Work instruction:
Your job is to give again, exactly and with no additions, the lines in the records below from the one with "Poster Cute Blonde" through the one with "Burberry Cream Double-Breasted", both included. Omit the pictures.

Input:
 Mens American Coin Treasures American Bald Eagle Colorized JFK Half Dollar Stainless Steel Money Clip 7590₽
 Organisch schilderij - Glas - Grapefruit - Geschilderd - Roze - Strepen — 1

--

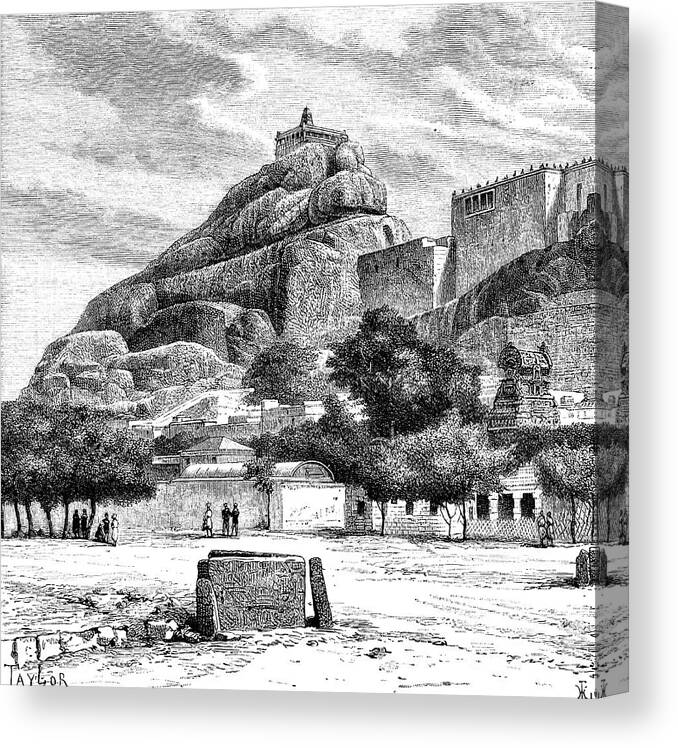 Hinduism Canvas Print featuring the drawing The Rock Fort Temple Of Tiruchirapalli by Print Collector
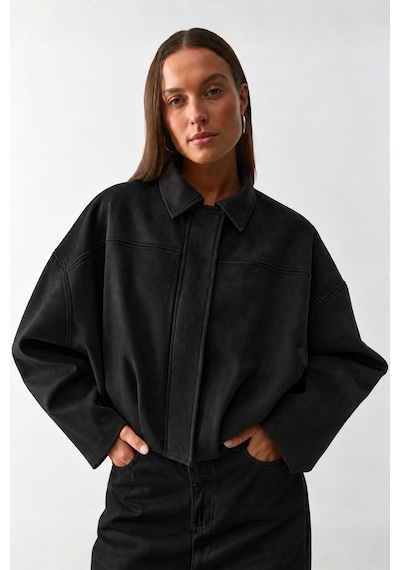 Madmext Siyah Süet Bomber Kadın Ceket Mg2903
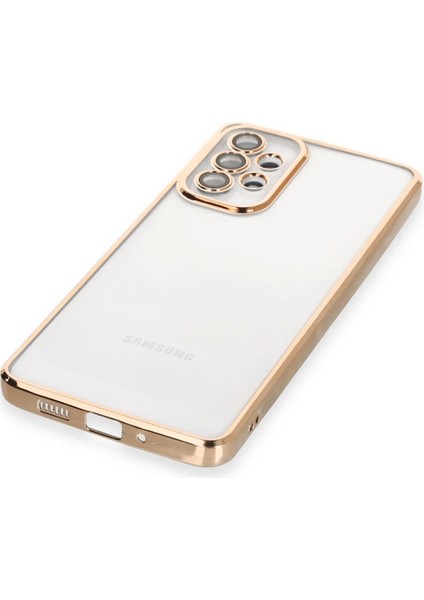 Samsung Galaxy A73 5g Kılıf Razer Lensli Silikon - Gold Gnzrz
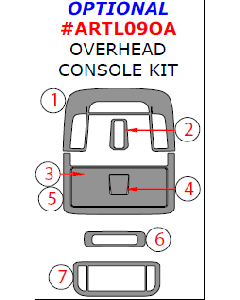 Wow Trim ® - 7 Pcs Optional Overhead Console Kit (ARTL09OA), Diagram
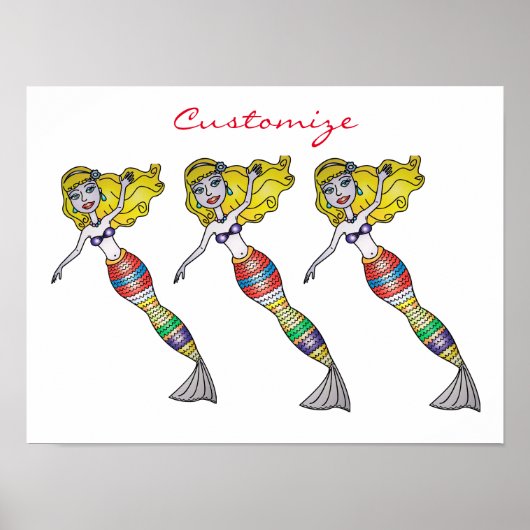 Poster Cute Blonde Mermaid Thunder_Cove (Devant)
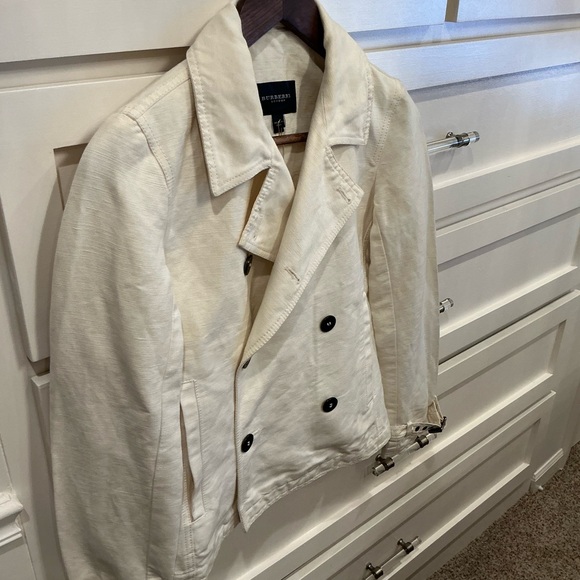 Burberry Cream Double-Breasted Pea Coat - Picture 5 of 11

---

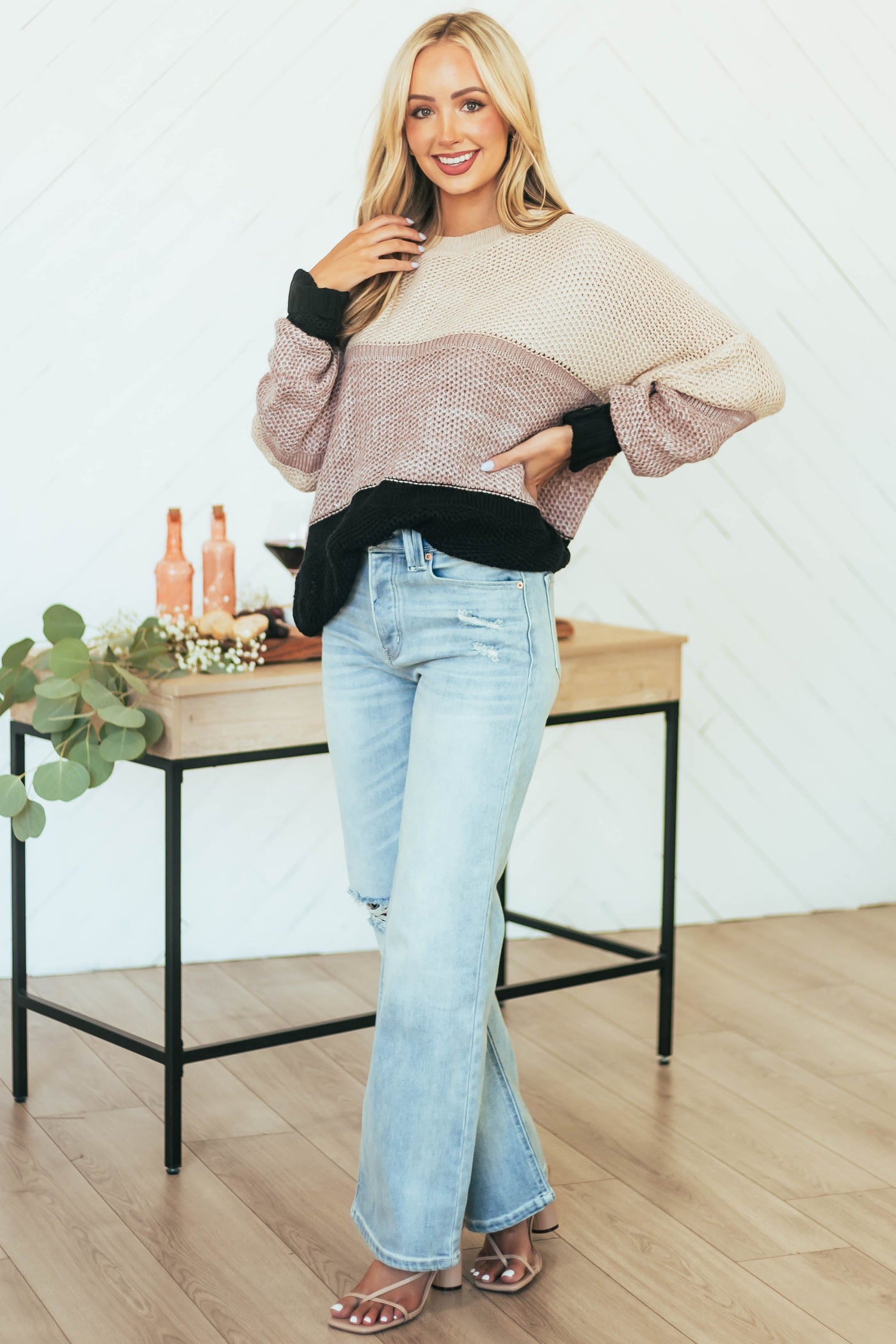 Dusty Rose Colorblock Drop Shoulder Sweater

Task answer:
 Poster Cute Blonde Mermaid Thunder_Cove (Devant)
 Burberry Cream Double-Breasted Pea Coat - Picture 5 of 11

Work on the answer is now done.